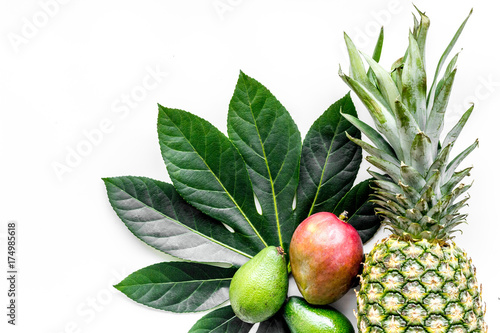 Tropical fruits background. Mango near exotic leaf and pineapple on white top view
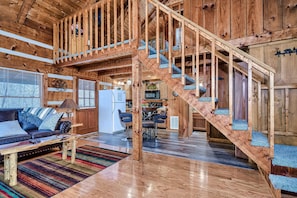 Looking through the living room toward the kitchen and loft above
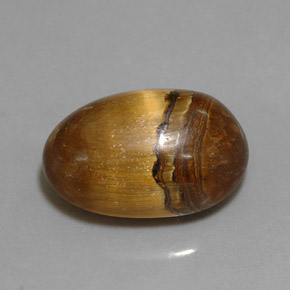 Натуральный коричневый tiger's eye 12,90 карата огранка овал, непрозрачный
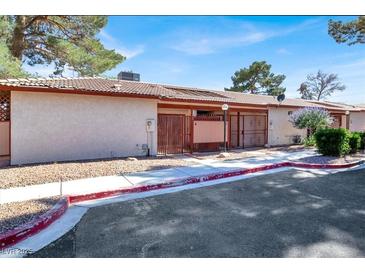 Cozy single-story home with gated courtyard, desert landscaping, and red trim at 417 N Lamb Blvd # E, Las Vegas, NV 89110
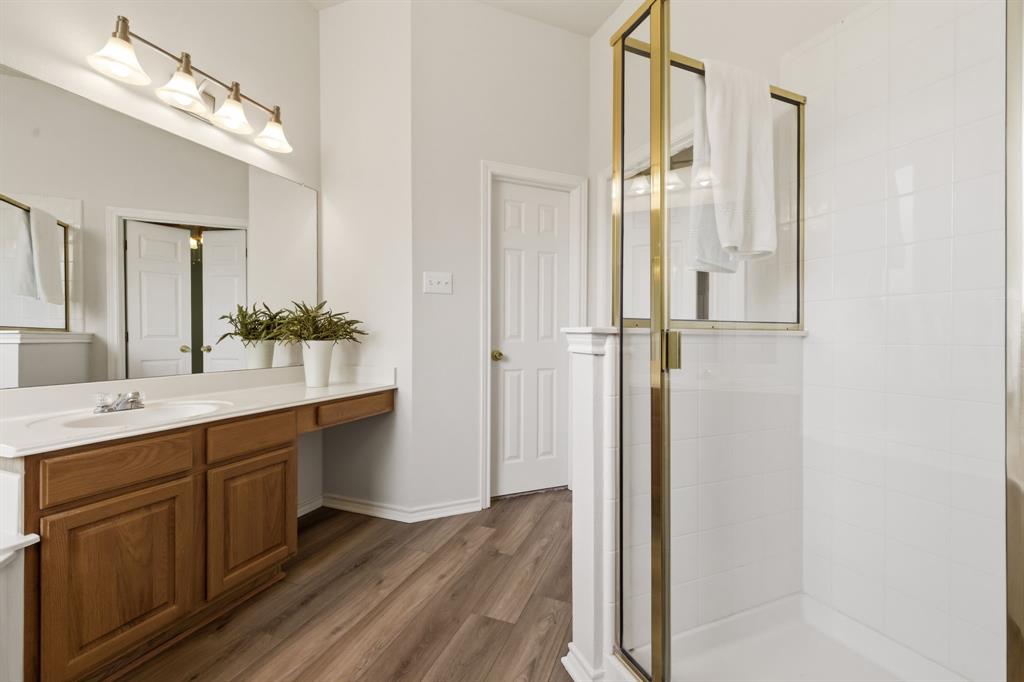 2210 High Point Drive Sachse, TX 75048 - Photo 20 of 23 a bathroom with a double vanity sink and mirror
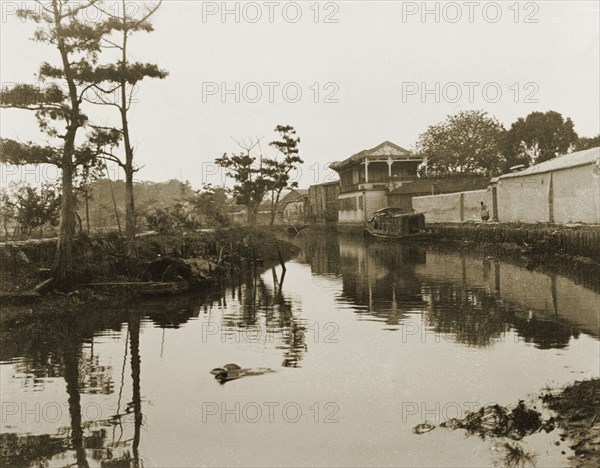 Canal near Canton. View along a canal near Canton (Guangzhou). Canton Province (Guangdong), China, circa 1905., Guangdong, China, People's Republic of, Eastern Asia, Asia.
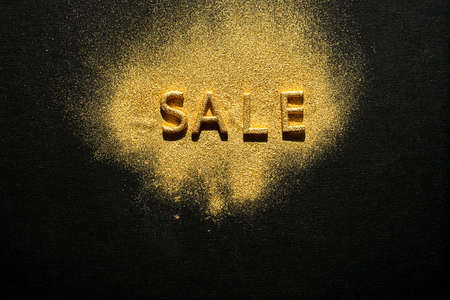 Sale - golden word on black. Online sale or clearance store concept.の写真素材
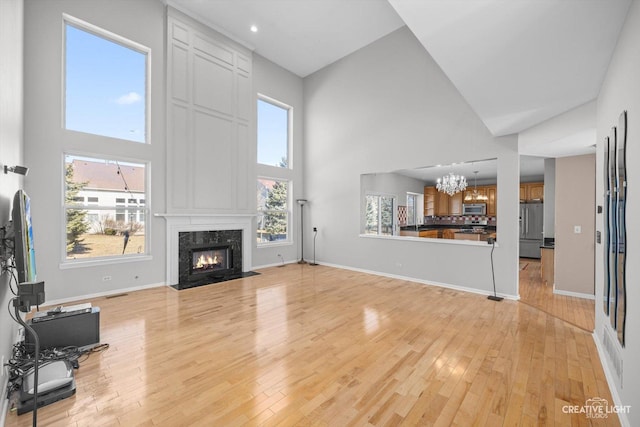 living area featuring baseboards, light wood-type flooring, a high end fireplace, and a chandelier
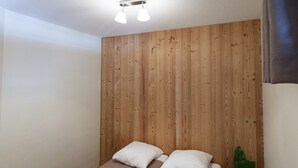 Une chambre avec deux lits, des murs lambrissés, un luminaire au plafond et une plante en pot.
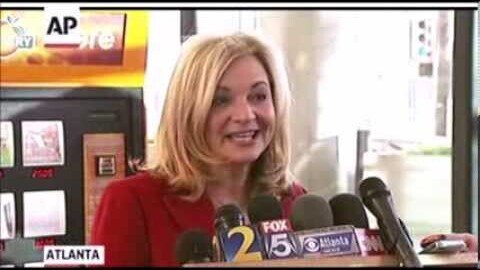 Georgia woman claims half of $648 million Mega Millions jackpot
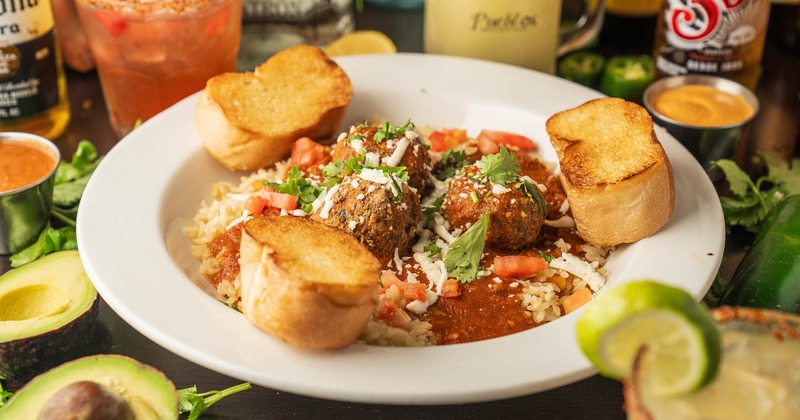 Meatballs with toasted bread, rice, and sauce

- - - - - - -

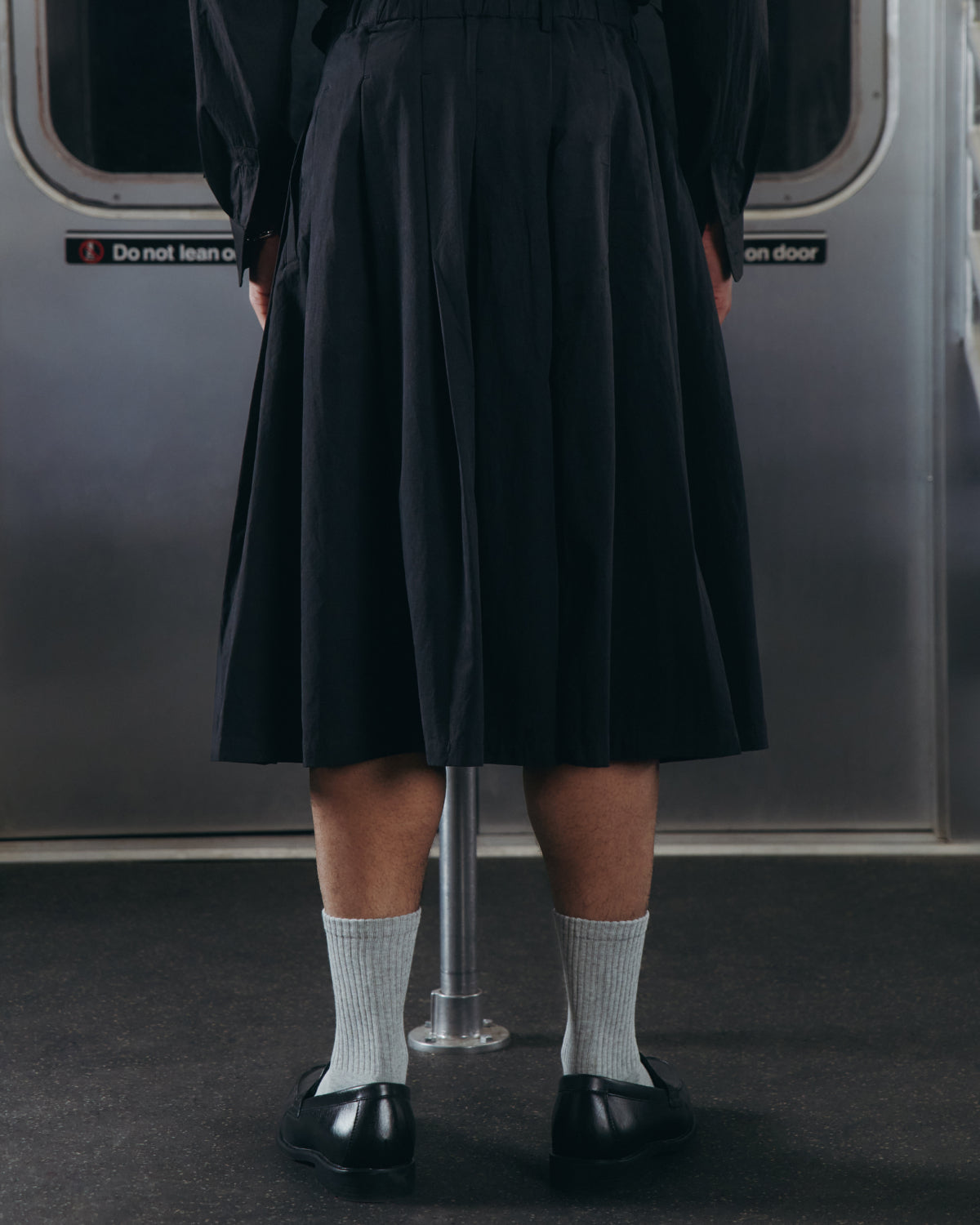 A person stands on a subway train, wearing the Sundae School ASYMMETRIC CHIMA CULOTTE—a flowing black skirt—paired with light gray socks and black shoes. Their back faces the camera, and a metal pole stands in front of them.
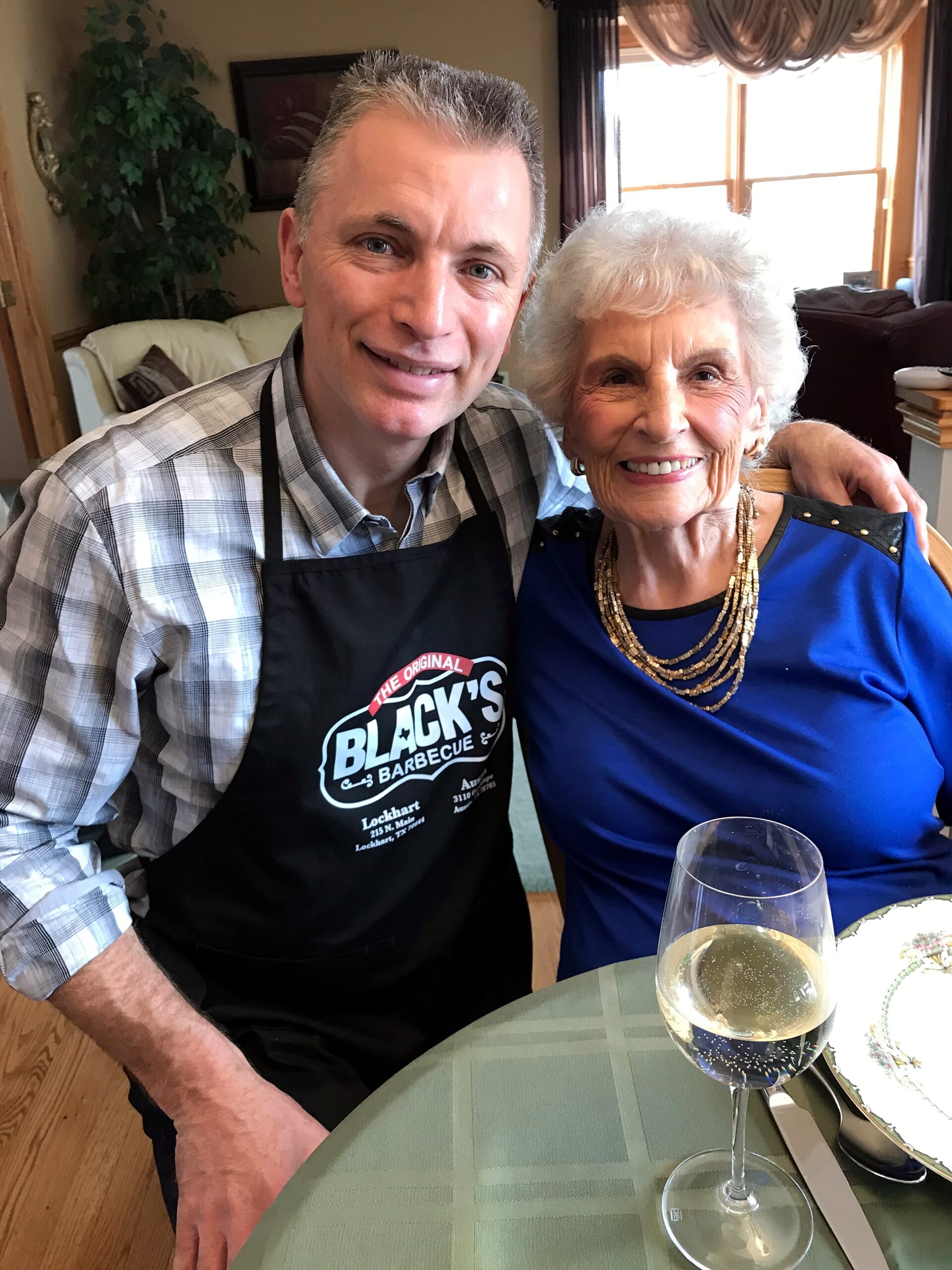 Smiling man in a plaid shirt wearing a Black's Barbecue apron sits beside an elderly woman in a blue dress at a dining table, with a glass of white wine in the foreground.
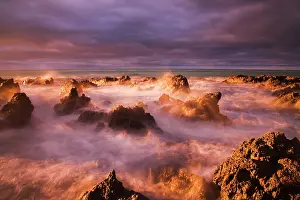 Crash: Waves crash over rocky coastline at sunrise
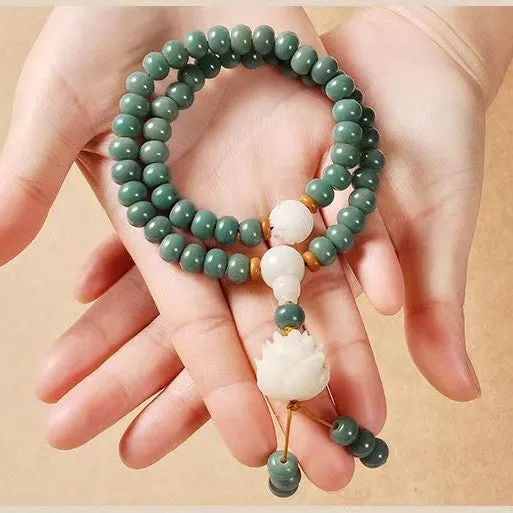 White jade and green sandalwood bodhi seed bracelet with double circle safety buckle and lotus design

- - - - - - -

§ **Work task**
Only one stretch of the data is wanted: write out exactly the lines from the one holding "Cozy single-story home" through the one holding "Meatballs with toasted", both included, without the pictures.

§ **Task response**
 Cozy single-story home with gated courtyard, desert landscaping, and red trim at 417 N Lamb Blvd # E, Las Vegas, NV 89110
 2210 High Point Drive Sachse, TX 75048 - Photo 20 of 23 a bathroom with a double vanity sink and mirror
 Canal near Canton. View along a canal near Canton (Guangzhou). Canton Province (Guangdong), China, circa 1905., Guangdong, China, People's Republic of, Eastern Asia, Asia.
 Sale - golden word on black. Online sale or clearance store concept.の写真素材
 living area featuring baseboards, light wood-type flooring, a high end fireplace, and a chandelier
 Une chambre avec deux lits, des murs lambrissés, un luminaire au plafond et une plante en pot.
 Georgia woman claims half of $648 million Mega Millions jackpot
 Meatballs with toasted bread, rice, and sauce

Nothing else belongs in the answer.